In NT, the operations are separate. A program can set aside N pages of its address space, but it's only when it commits some of those pages that the kernel guarantees that it will be able to provide M, M<=N, distinct pages of information. After a commit operation succeeds, the system guarantees that it will be able to provide the requested pages. There is no OOM killer because the kernel can never work itself into a position where one might be necessary. While it's true that a process can reserve more address space than memory exists on the system, in order to use that memory, it must first make a commit system call, and *that call* can fail. That's not overcommit. That's sane, strict accounting. Your second point is based on a misunderstanding.

Your first point is also based on a misunderstanding. If two processes have mapped writable sections of a file, these mappings are either shared or private (and copy-on-write). Shared mappings do not incur a commit charge overhead because the pages in file-backed shared mappings are backed by the mapped files themselves. Private mappings are copy-on-write, but the entire commit charge for a copy-on-write mapping is assessed *at the time the mapping is created*, and operations that create file mappings can fail. Once they succeed, COW mappings are as committed as any other private, pagefile-backed mapping of equal size. Again, no overcommit. Just regular strict accounting.

From MSDN:

"When copy-on-write access is specified, the system and process commit charge taken is for the entire view because the calling process can potentially write to every page in the view, making all pages private. The contents of the new page are never written back to the original file and are lost when the view is unmapped."

The key problem with the Linux scheme is that, in NT terms, all mappings are SEC_RESERVE and are made SEC_COMMIT lazily on first access, and the penalty for a failed commit operation is sudden death of your process or a randomly chosen other process on the system. IMHO, Linux gets all this tragically wrong, and NT gets it right.

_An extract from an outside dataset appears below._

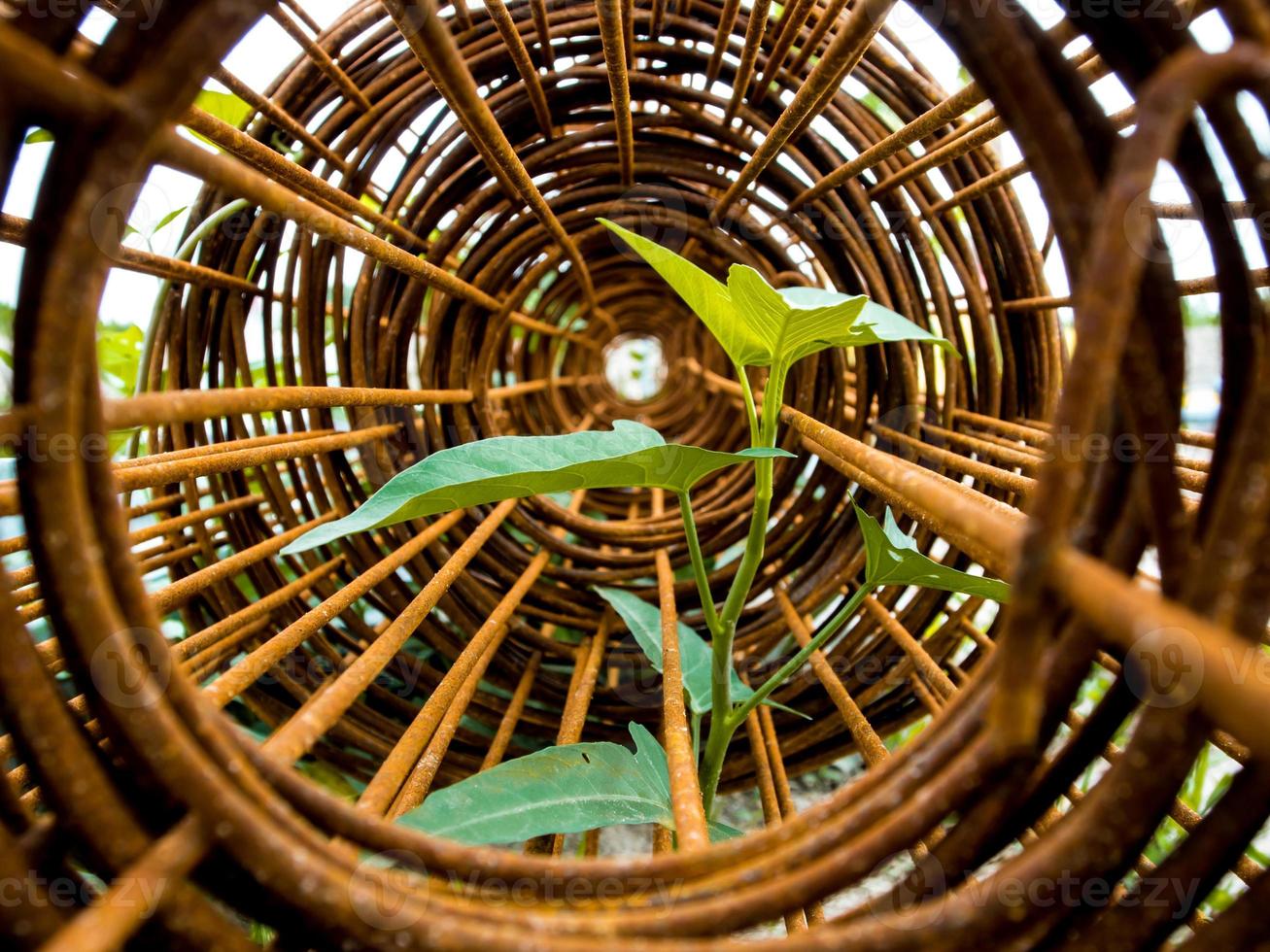 Leaf of morning glory insert in roll of rusty steel wire mesh photo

[1] Yes MAP_NORESERVE exists. Few people use it. Why bother? It's broken anyway, especially with overcommit off, when you most care about MAP_NORESERVE in the first place!

[2] Sure, the OOM killer might run in response to a page fault, but the result will either be the death of some *other* process or the death of the process performing the page fault. Either way, that process never observes a failure, in the latter case because it's dead already. Let's ignore file-backed memory on volatile media too.